The required output holds only the lines from the one containing "Туника Волшебство Кружев" through the end of the material below, copied exactly, please, with no pictures.

Given data –
☆ ☆ ☆ ☆ ☆ ☆ ☆
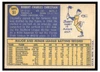 1970 Topps Bob Christian #51 50th Anniversary stamped Low Grade back of card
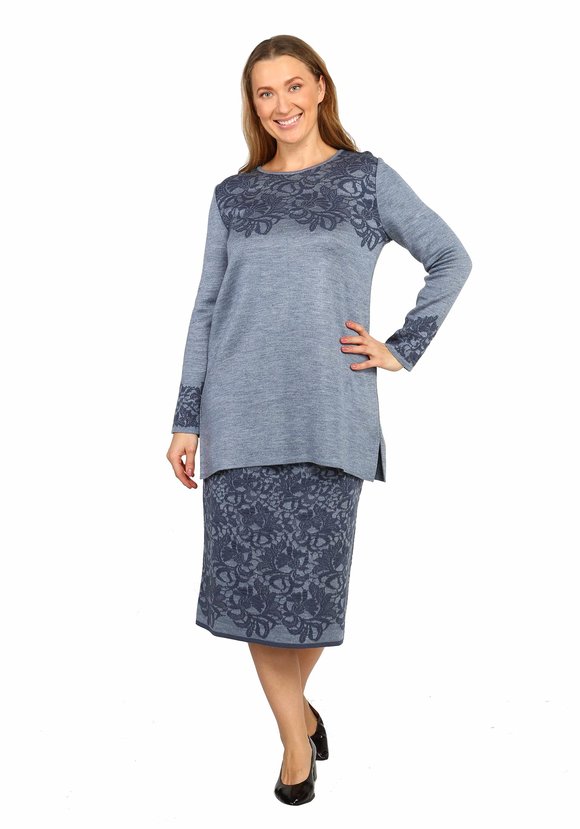 Туника Волшебство Кружев шир.  580, рис. 1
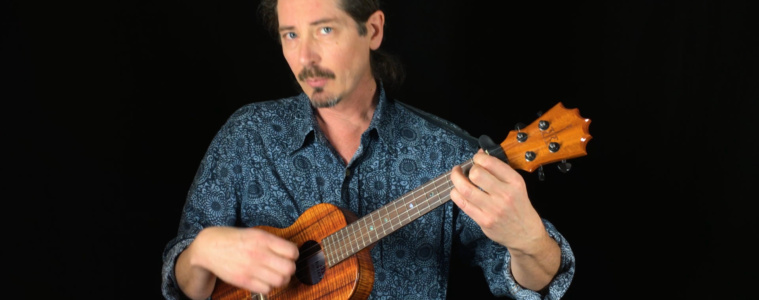Daniel Ward holding ukulele for Arpeggio Lesson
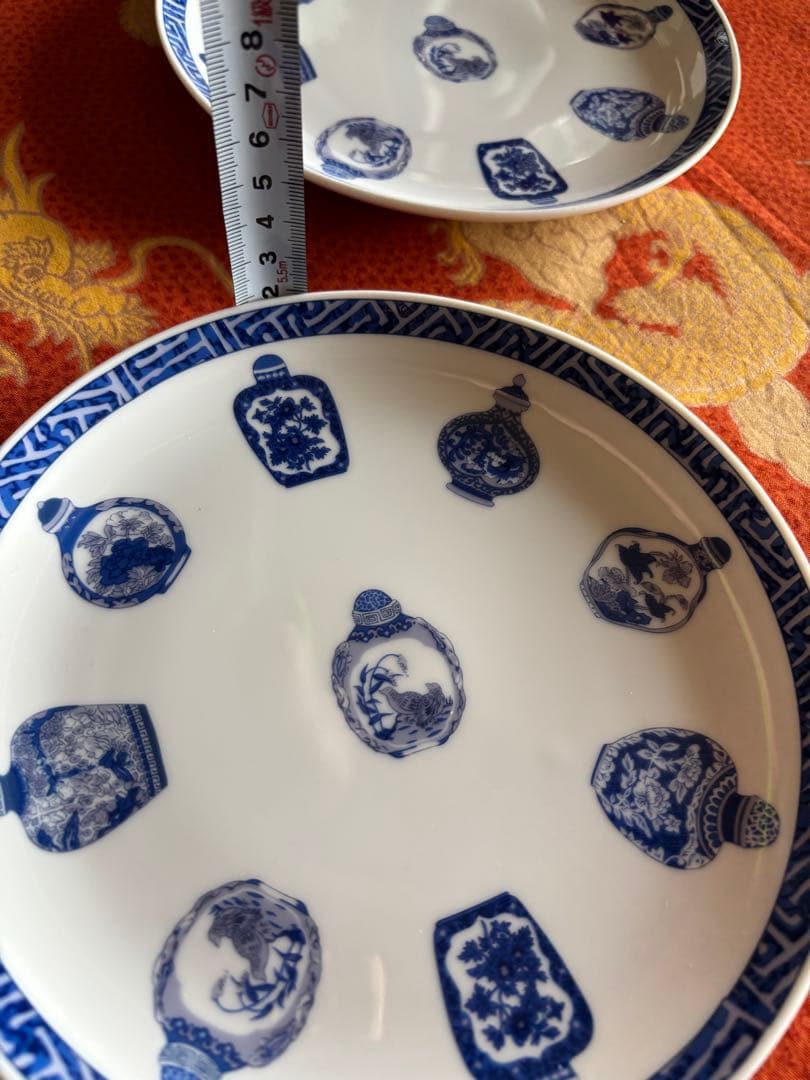 【新春sale】チャイナシーズ　大中皿3点セット②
☆ ☆ ☆ ☆ ☆ ☆ ☆
Answer –
 Туника Волшебство Кружев шир.  580, рис. 1
Daniel Ward holding ukulele for Arpeggio Lesson
 【新春sale】チャイナシーズ　大中皿3点セット②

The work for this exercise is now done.